ACTIVITY. Pictures stay out of the copy; output exactly the lines from the one containing "VOLVO V40 BOK - kolory neonowe" through the end of the material.
------------------------------------------------
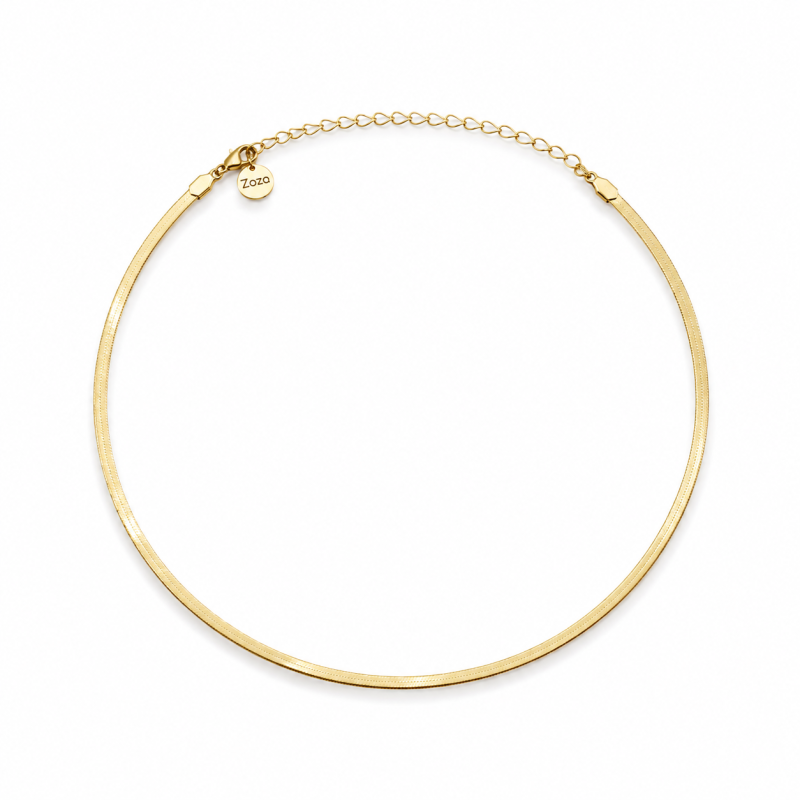 Choker pozłacany VIPERA MINI (żmijka)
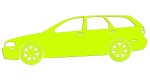 VOLVO V40 BOK - kolory neonowe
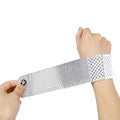 High elastic breathable athletic wristguard for wrist support in pink, black, or grey.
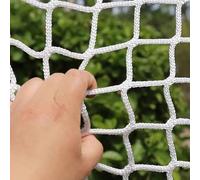 White Balcony Safety Netting Knotless Anti Fall Fence for Pets Children Playground Trampoline & Sports Ideal for Apartments Baseball & Softball Protection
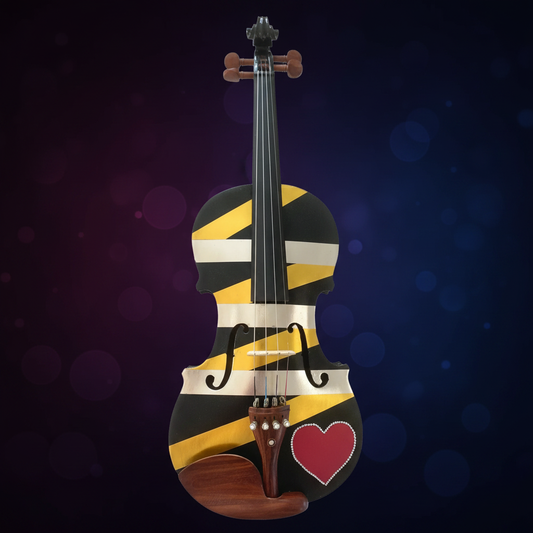 Rozanna's LOVE Wrap Violin — High Contrast Theatrical Editorial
------------------------------------------------
RESPONSE BELOW.
 VOLVO V40 BOK - kolory neonowe
 High elastic breathable athletic wristguard for wrist support in pink, black, or grey.
 White Balcony Safety Netting Knotless Anti Fall Fence for Pets Children Playground Trampoline & Sports Ideal for Apartments Baseball & Softball Protection
 Rozanna's LOVE Wrap Violin — High Contrast Theatrical Editorial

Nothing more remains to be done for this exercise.